C.S. Lewis: A Biography

Author: A.N. Wilson


ISBN: 9780393028133
Pages: 334
Description: I would recommend this biography as to anyone who wants to know more about C.S. Lewis. Because of the nature of much of Lewis’ writing (in favor of Christianity), many biographers have recast Lewis into an image favored by the biographer’s own religious beliefs, so an American fundamentalist biographer ignores Lewis’ smoking and drinking, and a British Anglican glosses over the fact that the two women who were Lewis’ “life partners” were neither acceptable partners by the standards of Lewis’ own Church, the Church of England. Wilson tries, and I think, succeeds admirably, in painting a portrait of Lewis the man, one based on a careful reading of the author’s work, of letters, manuscripts, and other artifacts, and of interviews with many who knew Lewis personally.

The Lewis that emerges is one worth knowing. The flawed man, deeply hurt by the loss of his mother in early childhood, the man who lived, except for the horrors of the trenches in World War I, a life that many of us could lead, one of domestic chores, reading, writing, teaching, grading papers, is all the more estimable because of what accomplished facing what to many of us are barriers for writing and “getting important things done.”

For those interested in Lewis’ criticism, Lewis’ readability, the ‘learning worn lightly,’ as Wilson puts it, is what gives the critic’s work “life” long after its approach has grown unfashionable. It is the fact that Lewis approaches literature AS A READER, and, through his work,’ speaks to us as fellow readers, and someone with whom he wants to share his enthusiasm. Lewis the critic never reminds us how smart he is or makes us, the reader, feel foolish. It’s more of a conversation, a ‘Have you read this’ or ‘Have you thought of that’ that we respond to. Lessons from Lewis the critic are valuable to those of us who love reading and to anyone who teachers, not just because of their content, but because of what they show us about the essential nature of teaching–we want to share what we love with others.

For those interested in Lewis’ non fiction religious writings, the flawed man is all the more approachable–someone who says, “Yeah, I’m kind of screwed up to, but I hold on to my faith and this is why it helps me through the day.” Lewis is not a moralist–he is not one of those prigs who tell others how they should lead their own lives. Rather, he is a fellow sufferer, showing that Chritian virtues are not grand themes to be contemplated on Sunday mornings but rather are meaningful, or not, in how we take out the trash, treat our children, or approach the people with whom we work.
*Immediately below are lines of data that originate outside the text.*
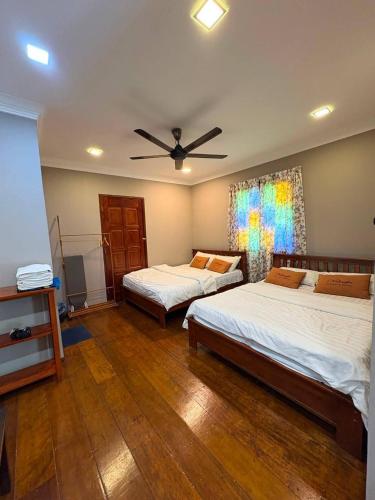 a bedroom with two beds and a ceiling fan at Rivora Gopeng in Gopeng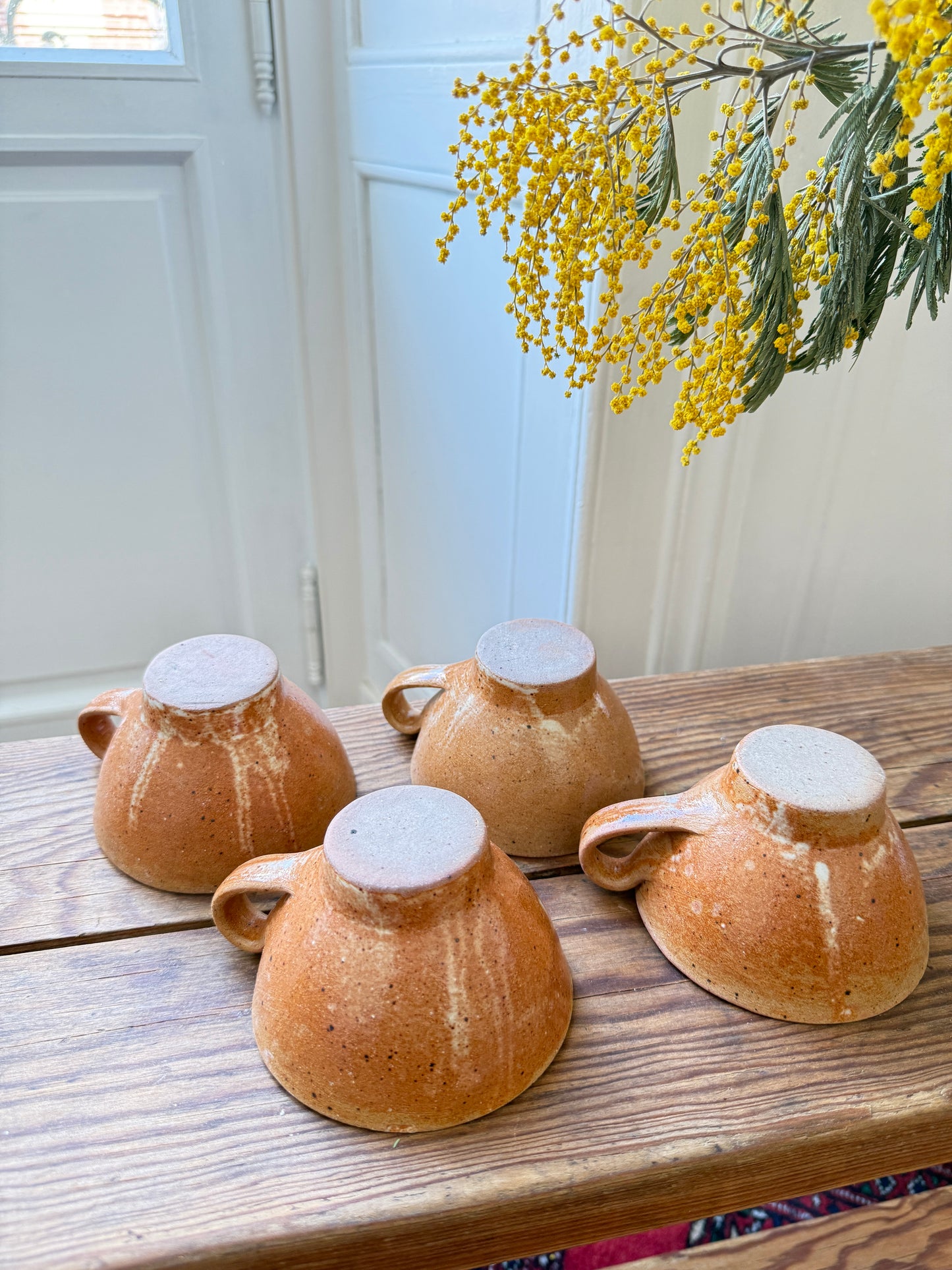 Set of four Razzia artisanal stoneware mugs with rustic, handcrafted design and natural earthy finish.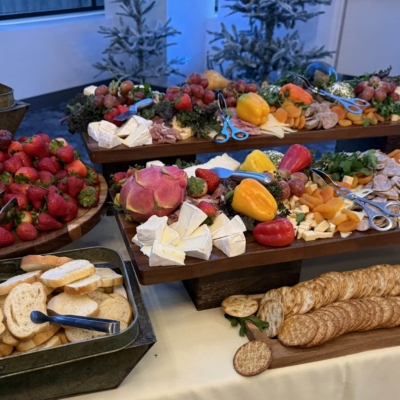 A table with an assortment of breads, crackers, cheeses, fruits, meats, and vegetables arranged on trays for a beautiful charcuterie board perfect for buffet-style catering services.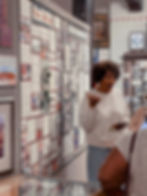 Curly-haired woman gestures before detailed museum informational wall panels.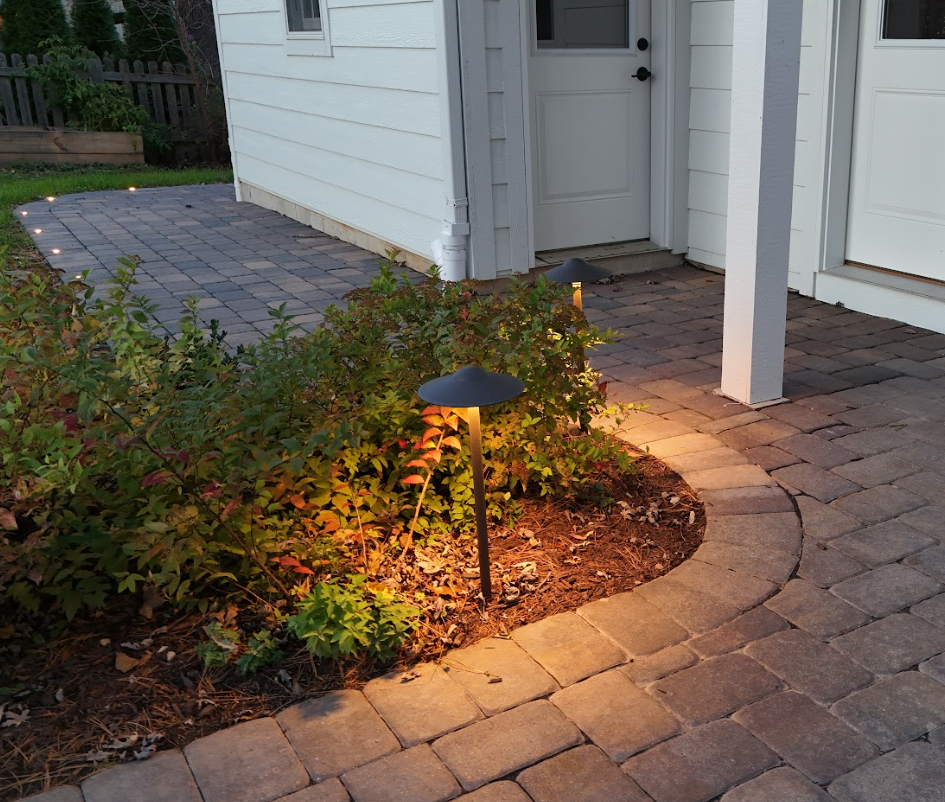 A backyard patio with stone pavers and low-voltage landscape lighting, next to a white house with a door and a small supporting column.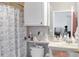 The bathroom has a shower and storage for essentials at 1100 Lake Shadow Cir # 2101, Maitland, FL 32751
Lewis is about faith lived, not faith preached.

For those interested in Lewis’ fiction, particularly Narnia, there is much of value to learn–about where the stories come from, about Lewis’ own faith in children and in childhood, and about why he wrote so much for children. There is also a deft exploration of some of the religious themes of Narnia and of his ‘Space Trilogy’, one that never gets bogged down in minutiae but still gives the reader food for thought. The criticisms are thoughtful, fair, and not uniformly laudatory. I found myself both understanding the great appeal Azlan had to me when I was a young reader and had no idea what ‘allegory’ was or that the book was full of Christian symbolism. But the book still spoke to me in some deep way; Wilson helps explore this. Similarly, I have always found That Hideous Strenght, the last novel in the ‘Space Trilogy,’ unreadable. Wilson explores why the book fails on many levels but still helps the reader understand the many good eleements that are present.

The book also, in an afterward, explores the appeal of the book and film ‘Shadowlands,’ noting, as Lewis would, that, although many of the ‘facts’ are changed, the story still captures some of the essential ‘heart truths’ that the book contains.

This book is extrememly well done; it helps the reader understand Lewis the real person and it enables a fuller understanding of the author’s work. My reasons for not giving a ‘five star rating,’ for not considering it in, say, the same class as ‘Jackson Benson’s ‘The True Adventures of John Steinbeck, Writer’ (regardless of one’s opinion of Steinbeck, Benson’s biorgraphy of him remains a titanic achievement of literary biography) are perhaps unfair. Becuase if the distance from which Wilson writes, the author was not able to interview many of the people who knew the author personally. Particularly missing are JRR Tolkien and “Warnie,” the author’s brother. This is not something the biographer can be blamed for, since he took up the topic of Lewis’ life after these two men died. But both Tolkien and Warnie lived ten years after Lewis’ death, and one finds oneself wishing that a biographer of Benson’s caliber, perhaps an older version of Wilson himself, who in early adolescence when Lewis died, would have set her or himself the task of a definitive Lewis biography. Instead, the field was taken up by religious hagiographers or conspiracy theorists such as the author of ‘The C.S. Lewis Hoax,’ and so the chance of a truly definitive biography about Lewis ever being written probably passed in the time between Lewis’ death and the time Wilson took up the pen to write about him.

This is as close to a definitive biography of Lewis as will ever be written, probably.